* **What to work on**
Retype, exactly as written, every line from the one containing "A sign outside" through the last line of the records below, both included; skip the pictures.

^^^^^^^^

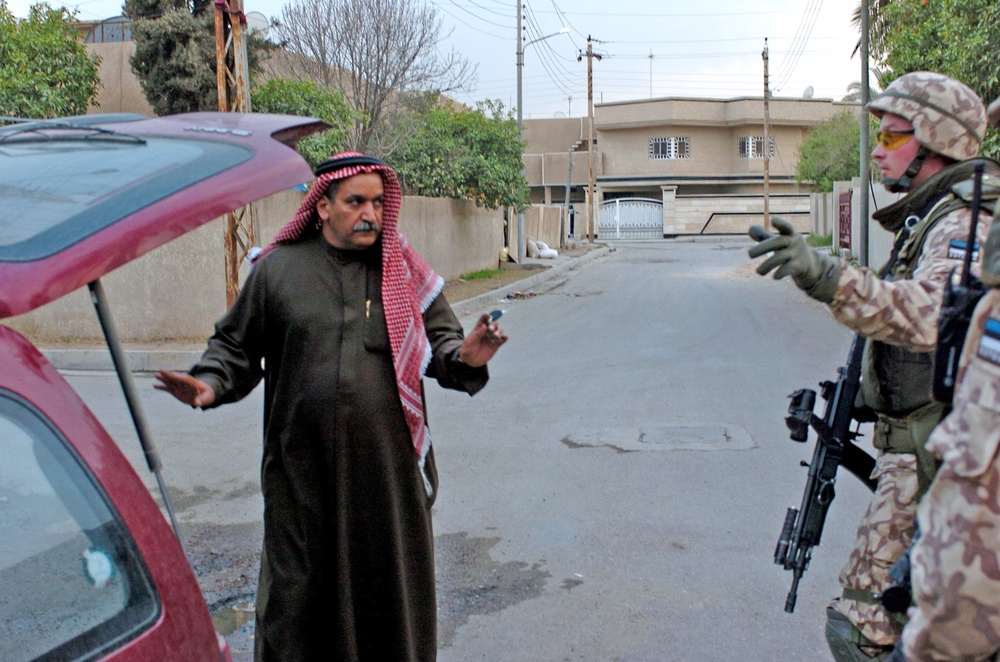 Estonian Cpl. Ranno Pettai searches an Iraqi citizen car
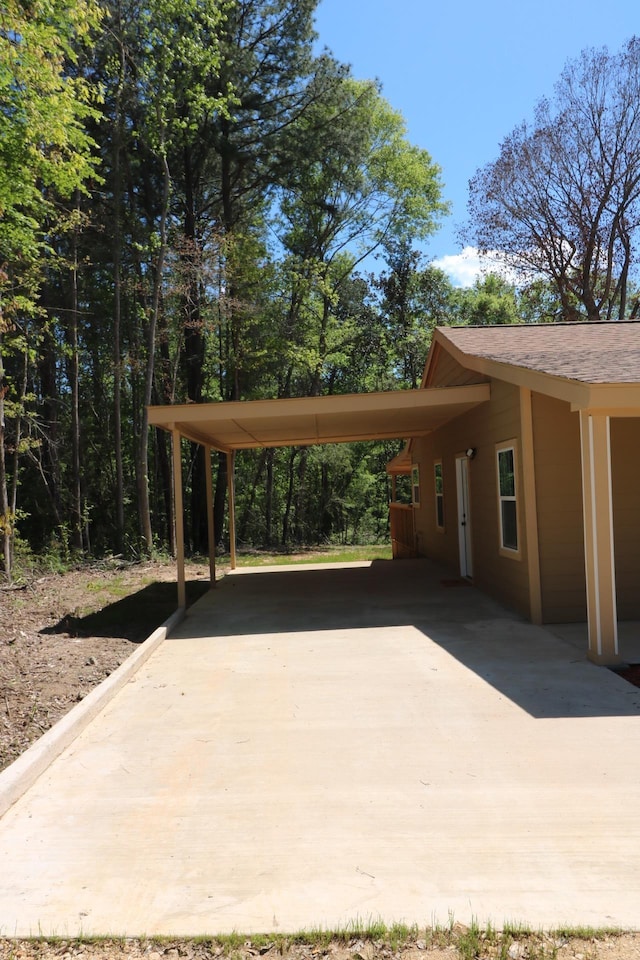 view of patio / terrace featuring a carport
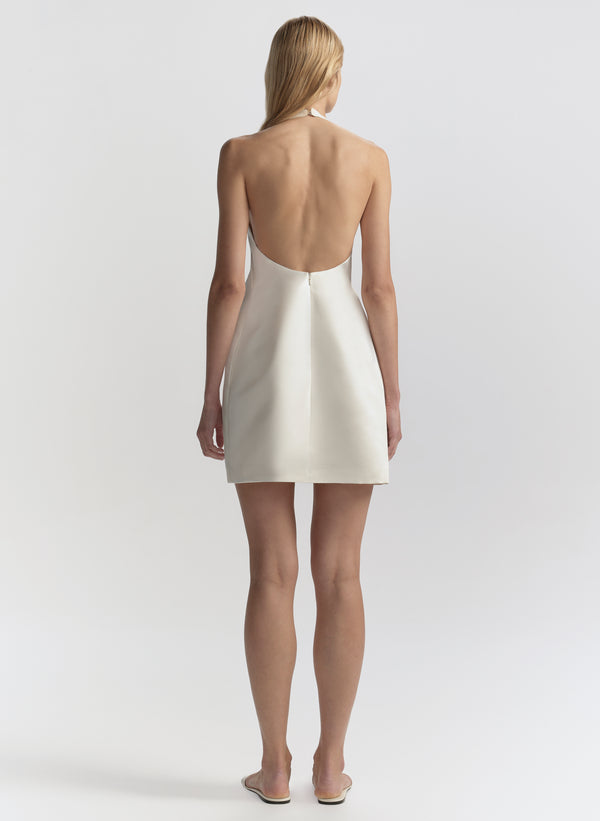 woman wearing white halter mini dress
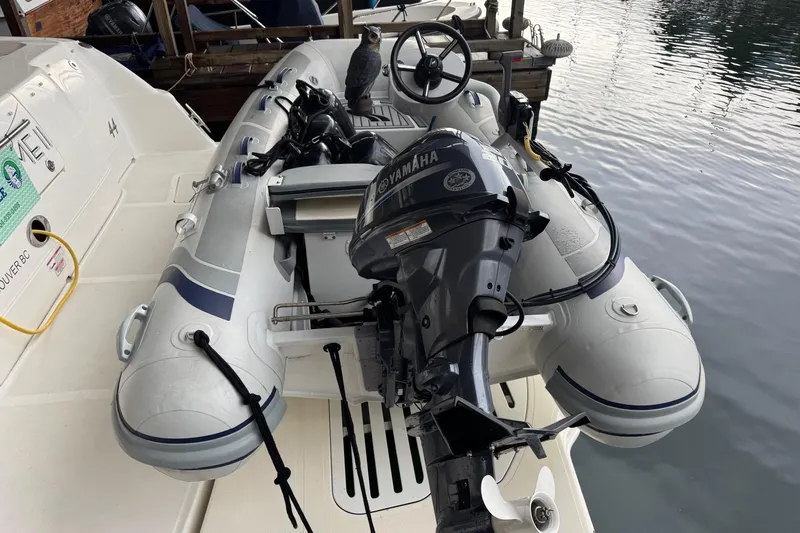 Covetime II Yacht Photos Pics Inflatable boat with Yamaha motor on 2006 Sea Ray 44 Sedan Bridge yacht.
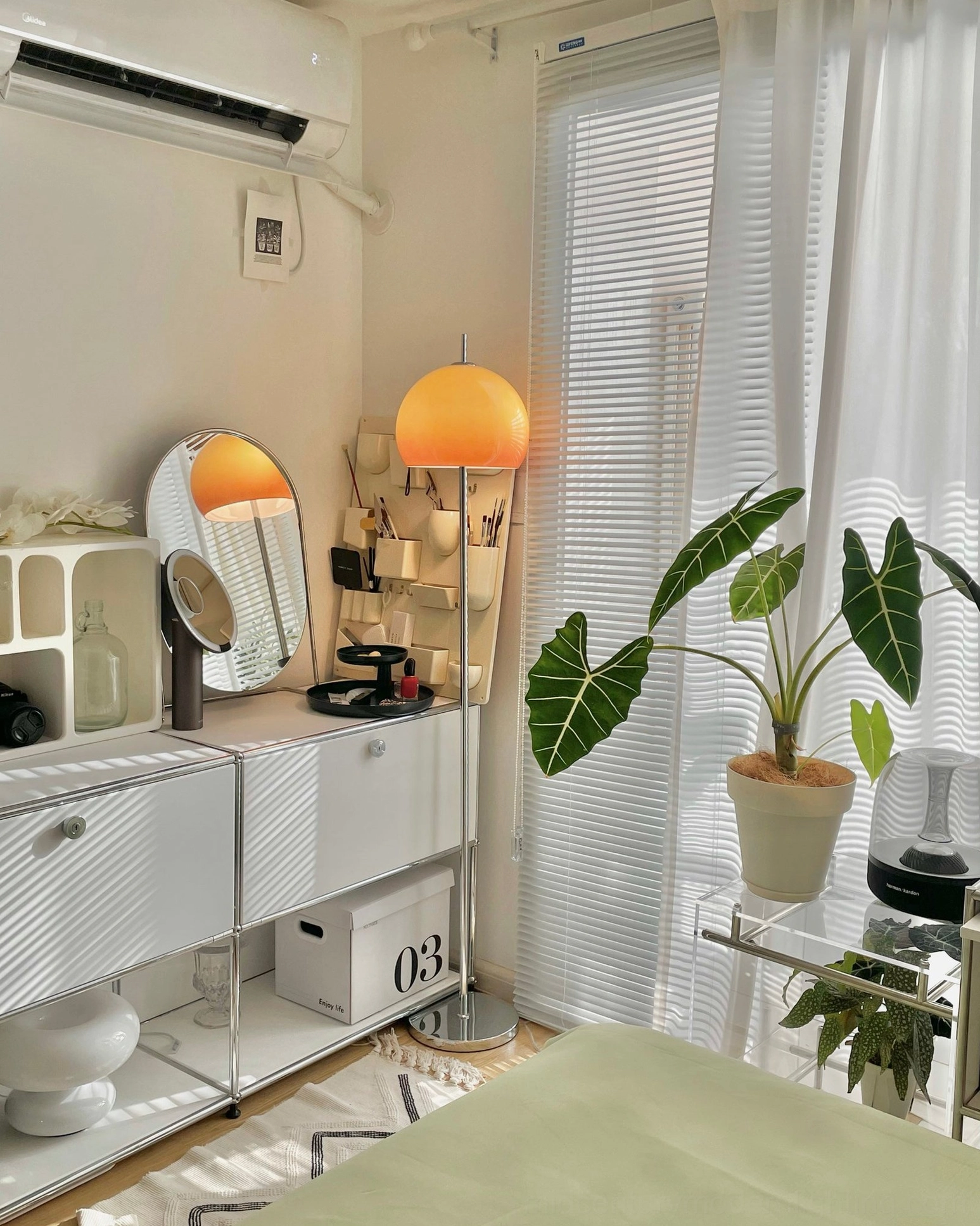 Mid-century mushroom floor lamp in Scandinavian bedroom with white vanity and minimalist decor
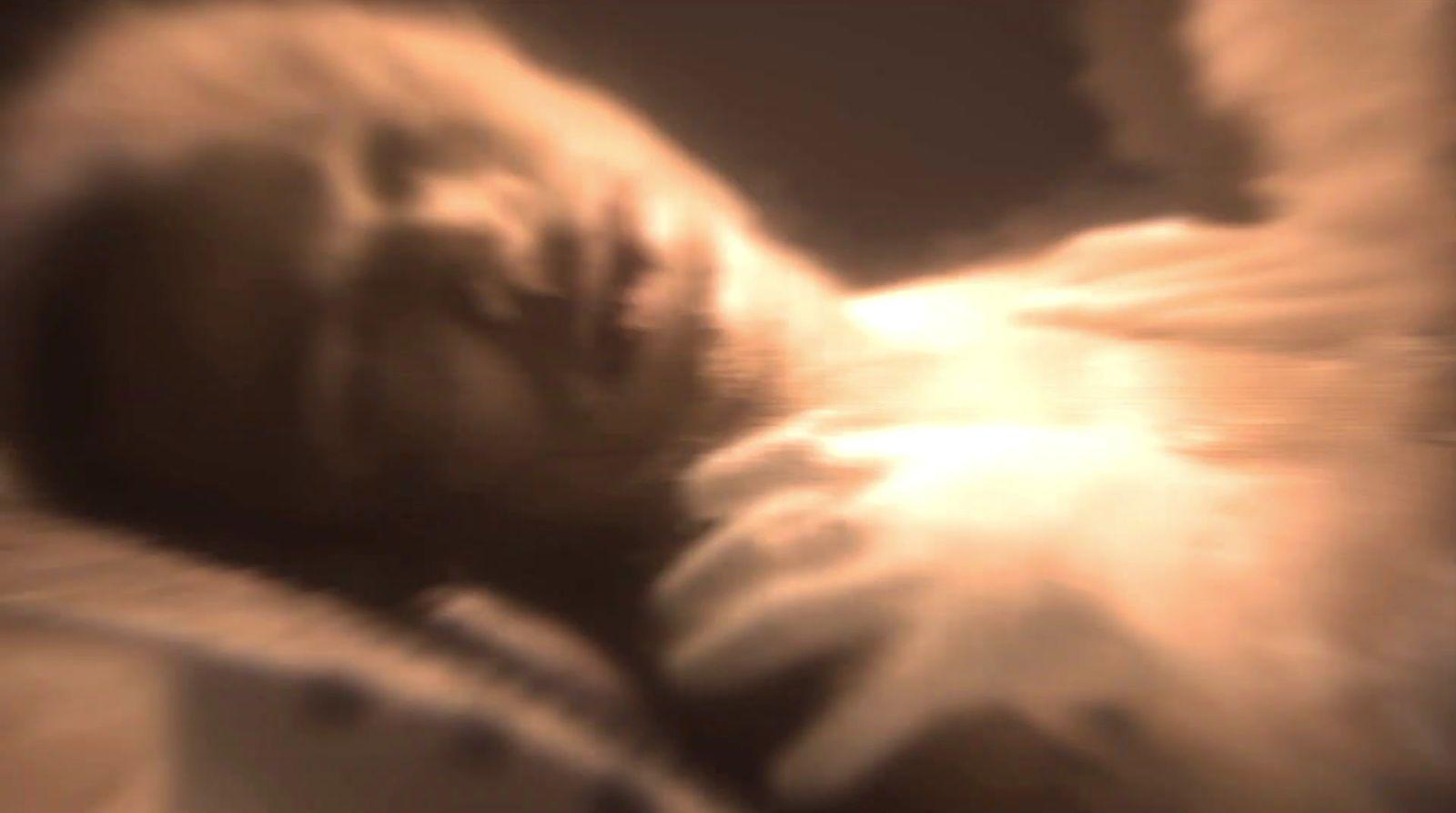 a blurry photo of a cat sleeping on a bed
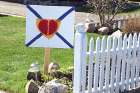 A sign outside an east end Toronto home expresses the sentiments of the entire nation for the 22 Nova Scotia shooting victims.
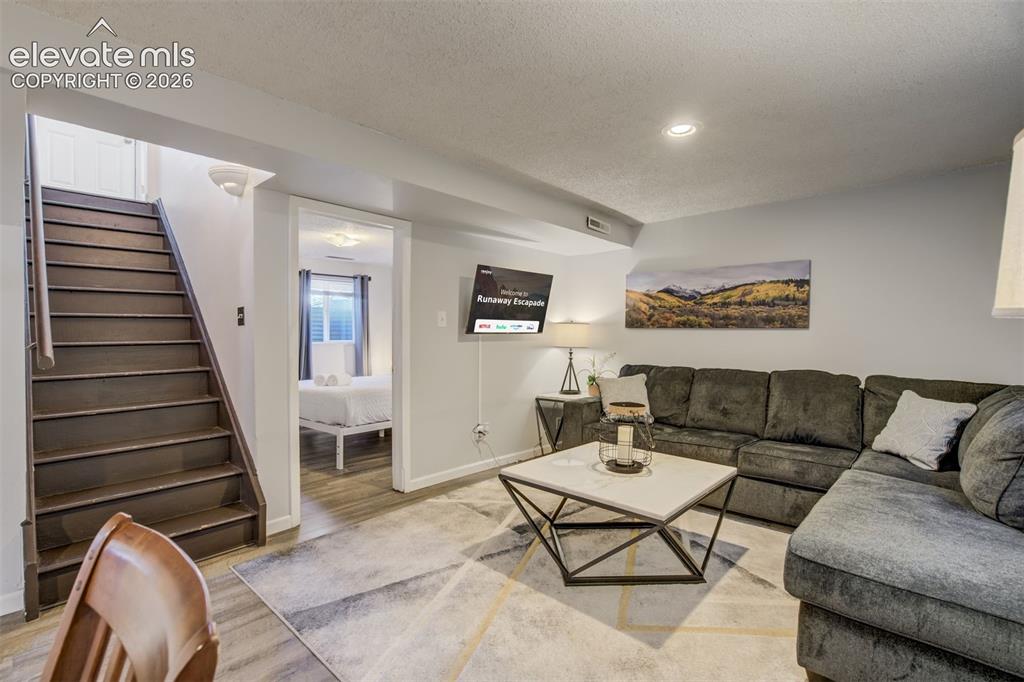 Image 23 of 50: Recessed lighting illuminates the living space featuring light gray walls, 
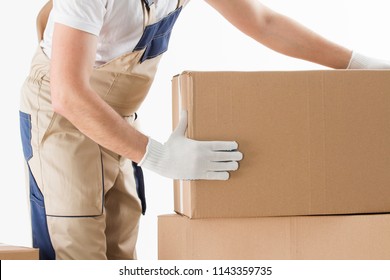 Relocation Services Concept. Mover In Uniform With Cardboardboxes Isolated On White Background.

^^^^^^^^

* **Exercise answer**
 A sign outside an east end Toronto home expresses the sentiments of the entire nation for the 22 Nova Scotia shooting victims.
 Image 23 of 50: Recessed lighting illuminates the living space featuring light gray walls, 
 Relocation Services Concept. Mover In Uniform With Cardboardboxes Isolated On White Background.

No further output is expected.